Ha più diritti un genitore o uno scienziato? Meglio… qual è il confine tra umanità e medicina? Perché un uomo non può essere libero di vivere o di morire? Vale per l’eutanasia, sì… ma vale anche per la vita, perdio!
Queste vicende ci sbattono in faccia quanto la macchina scientifica e legislativa abbia più che mai bisogno di etica. La scienza ha fatto passi da gigante, ormai siamo in grado di compiere veri e propri miracoli, impensabili fino a pochi anni fa. Ma non abbiamo dato la stessa importanza alla dimensione umana di questa escalation verso l’onnipotenza. Riusciamo solo a dare lezioni ideologiche o strumentali, non riusciamo a costruire un pensiero che possa aiutare la scienza ad umanizzarsi.
Mi piacerebbe che queste storie fossero almeno un pungolo per iniziare a ragionare su come la scienza non possa rinunciare alla dimensione etica e morale. Non religiosa, ma umana.

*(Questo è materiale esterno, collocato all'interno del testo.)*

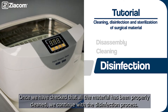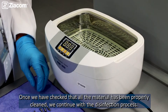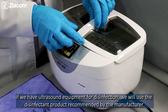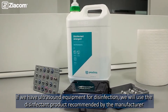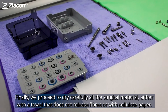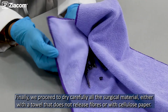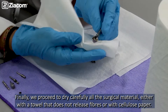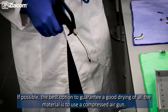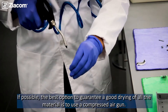Once we have checked that all the material has been properly cleaned, we continue with the disinfection process. If we have ultrasound equipment for disinfection, we will use the disinfectant product recommended by the manufacturer and always follow the instructions for use. Finally, we proceed to carefully dry all the surgical material, either with a lint-free cloth or cellulose paper. If possible, the best option to guarantee good drying is to use a compressed air gun.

E, se da una parte vorrei vedere riuniti fior fior di pensatori, filosofi, medici dall’altra penso basterebbe una mamma. Una mamma a cui scendono le lacrime solo al pensiero, una mamma che capisca, senza troppe parole. Basterebbe una mamma e l’ultima ninna nanna di Charlie sarebbe la cosa più straziante e naturale di questo mondo.